3. Measures of Average: Mean and Median

Just like with discrete data, we want to find the "center" of our CRV.

The Mean (Expected Value)

The Mean, or \(E(X)\), represents the "balance point" of the probability distribution. The formula is:
\(E(X) = \int x f(x) dx\)

(Hint: You are just multiplying your function by \(x\) before you integrate!)

The Median and Quartiles

The Median (\(m\)) is the value where 50% of the area lies to the left and 50% to the right. To find it, solve for \(m\) in this equation:
\(\int_{-\infty}^{m} f(x) dx = 0.5\)

Similarly:
- For the Lower Quartile (\(Q_1\)), the area is 0.25.
- For the Upper Quartile (\(Q_3\)), the area is 0.75.

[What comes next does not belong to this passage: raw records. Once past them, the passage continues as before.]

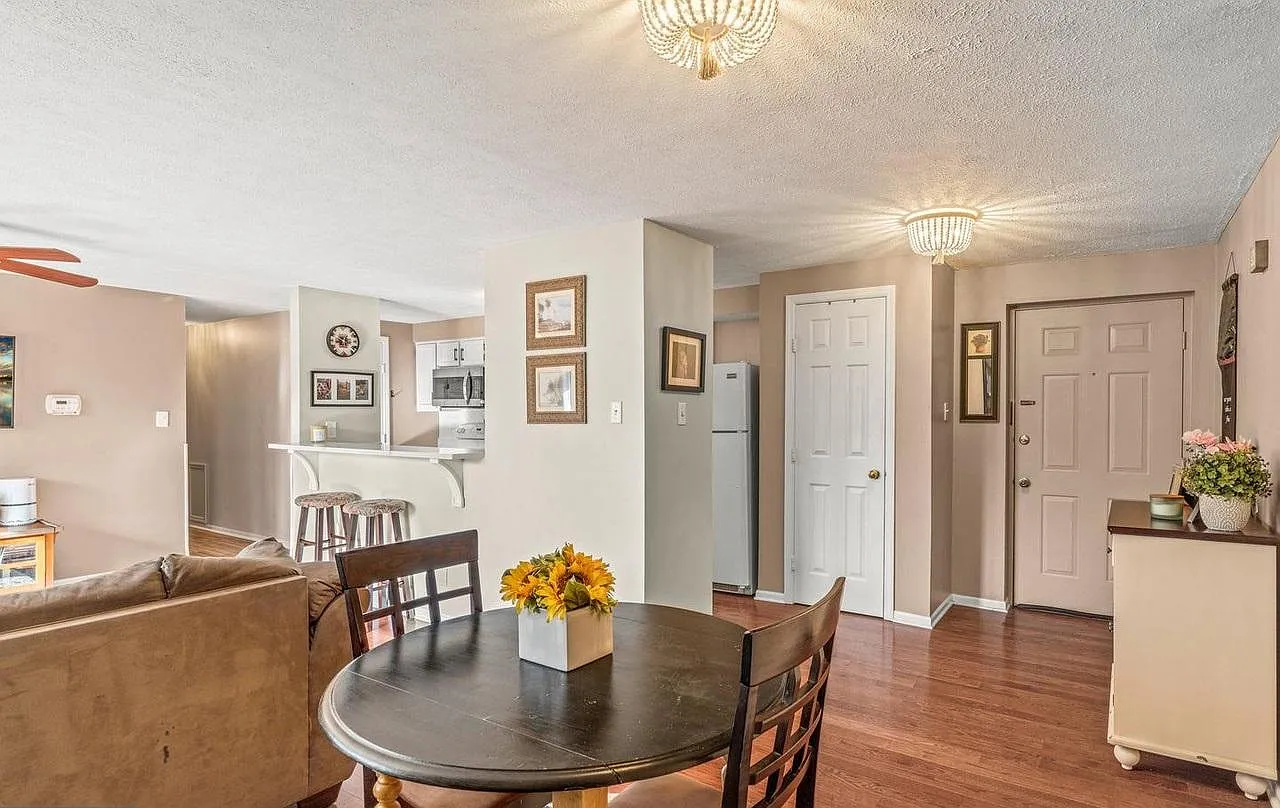 2 bed, 1011 sqft, $2,250 — Photo 3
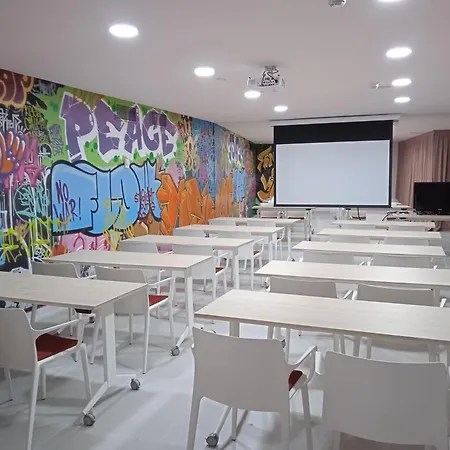 Hotel Dormirdcine 4*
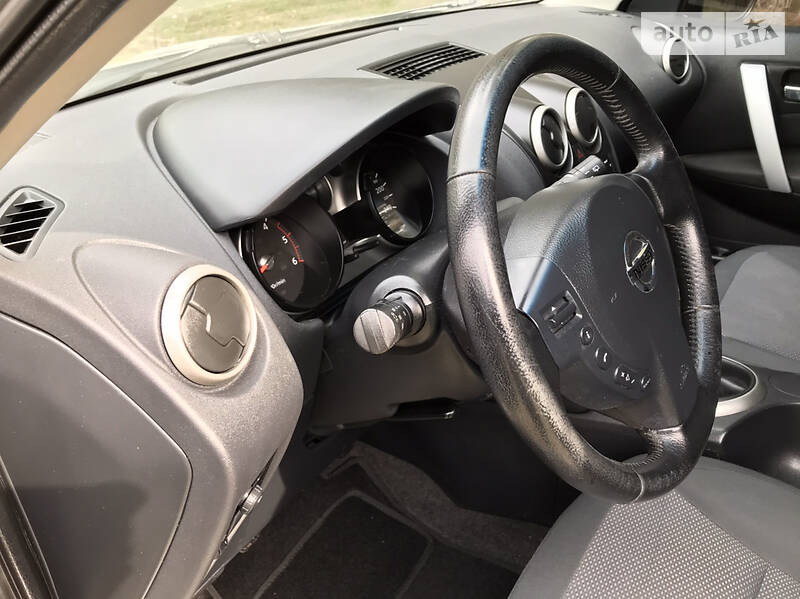 Позашляховик / Кросовер Nissan Qashqai 2010 в Полтаві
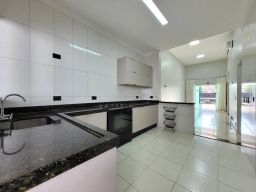 https://img.olx.com.br/thumbs256x256/81/818567041231875.jpg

Did you know? The median is the "fair cut" point. If the pdf was a piece of cake, the median is where you would cut it so two people get exactly the same amount of cake!

4. Measures of Spread: Variance and Standard Deviation

To see how "spread out" our data is, we calculate the Variance and Standard Deviation.

The Variance Formula

\(Var(X) = E(X^2) - [E(X)]^2\)

To find \(E(X^2)\), we use a similar integral to the mean, but with \(x^2\):
\(E(X^2) = \int x^2 f(x) dx\)

Memory Aid: "The Mean of the Squares minus the Square of the Mean." (MS - SM)

Standard Deviation

The Standard Deviation is simply the square root of the variance: \(\sigma = \sqrt{Var(X)}\).

Key Takeaway:
1. Find \(E(X)\) using \(\int x f(x) dx\).
2. Find \(E(X^2)\) using \(\int x^2 f(x) dx\).
3. Plug them into the Variance formula.

5. Expectation of Functions: \(E(g(X))\)

Sometimes, we aren't just interested in \(X\), but a function of \(X\), such as \(X^3\) or \(1/X\). The syllabus requires you to handle functions like \(5X^3\), \(18X^{-3}\), or \(6X^{-1}\).

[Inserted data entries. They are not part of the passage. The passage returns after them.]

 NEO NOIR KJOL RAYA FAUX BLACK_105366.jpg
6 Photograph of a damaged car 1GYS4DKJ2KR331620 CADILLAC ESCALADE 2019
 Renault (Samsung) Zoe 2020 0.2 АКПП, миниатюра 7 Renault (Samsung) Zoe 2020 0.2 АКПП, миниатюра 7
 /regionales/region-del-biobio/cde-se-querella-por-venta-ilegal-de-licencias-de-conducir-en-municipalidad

The rule is simple: replace the \(x\) in the mean formula with your new function \(g(x)\):
\(E(g(X)) = \int g(x) f(x) dx\)

Example: To find \(E(18X^{-3})\), you would calculate \(\int (18x^{-3}) f(x) dx\).

6. Linear Transformations

What if we change the scale of our data? For example, if \(X\) is a temperature in Celsius and we want to convert it to a new scale \(aX + b\). We use these handy "short-cut" rules:

For Expectation: \(E(aX + b) = aE(X) + b\)
(The mean shifts and scales exactly as you'd expect.)

For Variance: \(Var(aX + b) = a^2 Var(X)\)
(Adding \(b\) doesn't change the spread, and scaling by \(a\) increases the variance by \(a^2\) because variance is "squared" units.)

Quick Review Box:
If \(E(X) = 10\) and \(Var(X) = 4\):
- \(E(2X + 5) = 2(10) + 5 = 25\)
- \(Var(2X + 5) = 2^2 \times 4 = 16\)

7. Independent Random Variables

If you have two random variables, \(X\) and \(Y\), that are independent (meaning the outcome of one doesn't affect the other), you can combine their means and variances easily.

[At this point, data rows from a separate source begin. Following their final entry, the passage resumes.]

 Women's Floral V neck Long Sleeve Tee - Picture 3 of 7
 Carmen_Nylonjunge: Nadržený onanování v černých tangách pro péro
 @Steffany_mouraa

Sum of Expectations: \(E(X + Y) = E(X) + E(Y)\)
Sum of Variances: \(Var(X + Y) = Var(X) + Var(Y)\)

Important Note: This variance rule only works if the variables are independent! Also, even if you are subtracting (finding \(Var(X - Y)\)), you still add the variances because the uncertainty (spread) always increases when you combine two variables!

Summary Table: Key Formulas

Total Probability: \(\int f(x) dx = 1\)
Mean \(E(X)\): \(\int x f(x) dx\)
\(E(X^2)\): \(\int x^2 f(x) dx\)
Variance \(Var(X)\): \(E(X^2) - [E(X)]^2\)
Median \(m\): Solve \(\int_{-\infty}^{m} f(x) dx = 0.5\)

Final Tip: Always sketch the function if you can! It helps you visualize the area and check if your calculated mean or median looks "sensible" on the graph.